Mais le projet le plus fascinant est celui de la nouvelle illustration de la future station de tram Lemonnier à Bruxelles : une station dédiée à la paix et unique au monde. Les œuvres qui orneront les murs de la station ont été réalisées à partir de calques de mains et de messages de paix de célébrités mondiales, ainsi que de personnalités du monde artistique, humanitaire, sportif, spirituel, sans oublier des anonymes qui ont œuvré pour les droits humains. Khaled Ben Tounes et Hassiba Boulmerka font partie de ces personnalités que j’ai choisies.
La réalisation de ce grand chantier est en cours. 
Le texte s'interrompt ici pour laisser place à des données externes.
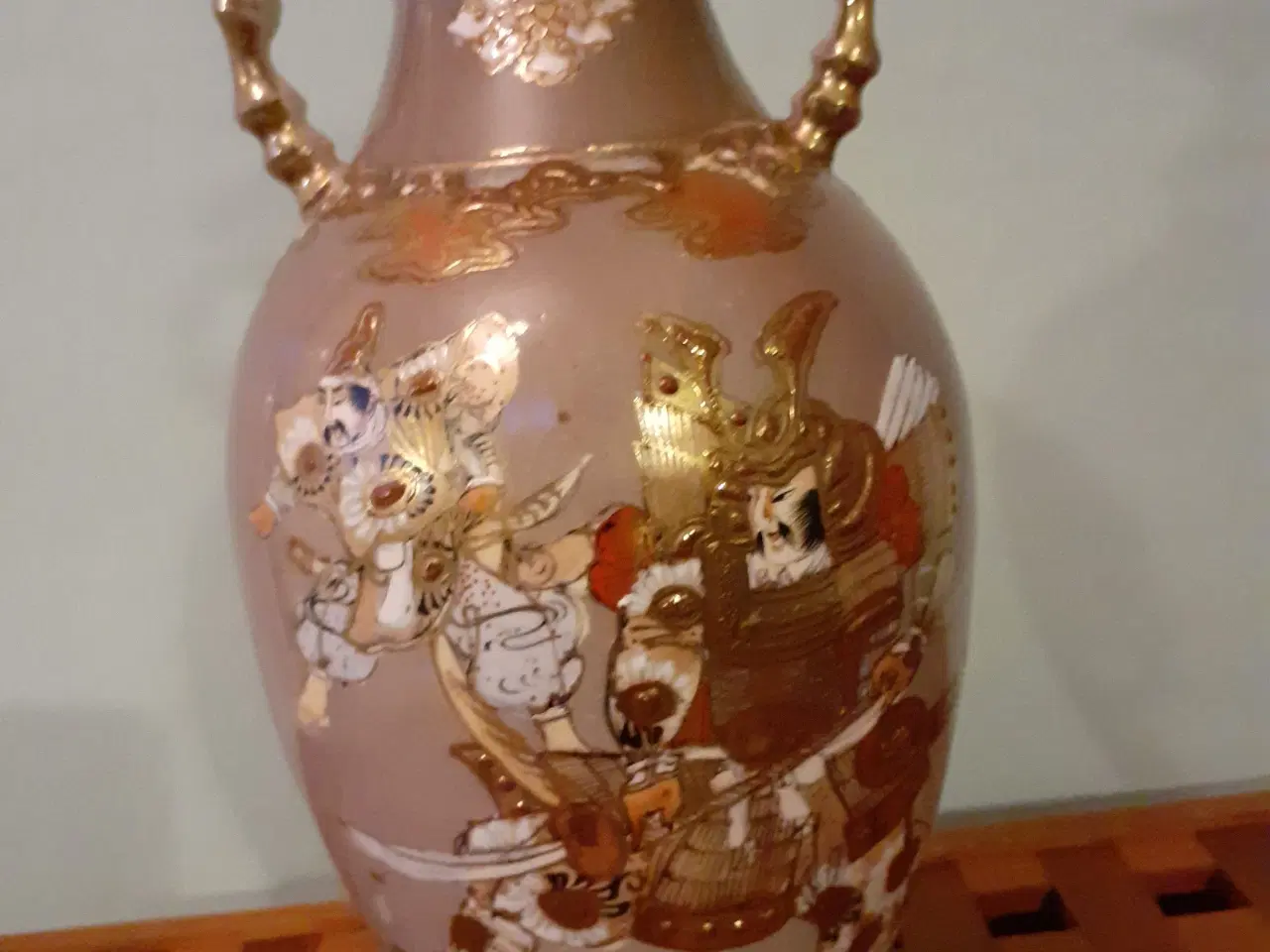 Billede 2 - Kinesisk" vase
En parallèle, je poursuis la création de livres d’art, de projets destinés aux enfants, et de nouvelles œuvres. 

Le Matin d’Algérie : Un dernier mot peut-être ?

Hamsi Boubeker : Mon dernier mot sera un mot de cœur : gardons vivante la flamme de l’émerveillement, restons fidèles à nos racines tout en tendant la main au monde. L’art, la culture et la fraternité sont des chemins puissants pour construire un avenir plus lumineux. À travers chaque geste de création, nous pouvons semer des graines d’espoir.

Je souhaite aussi que la télévision algérienne soit plus présente à l’étranger pour mieux faire connaître ses artistes, non seulement auprès des Algériens établis ailleurs, mais aussi auprès de ceux qui vivent en Algérie, afin de renforcer ce lien vital entre la culture d’origine et son rayonnement dans le monde.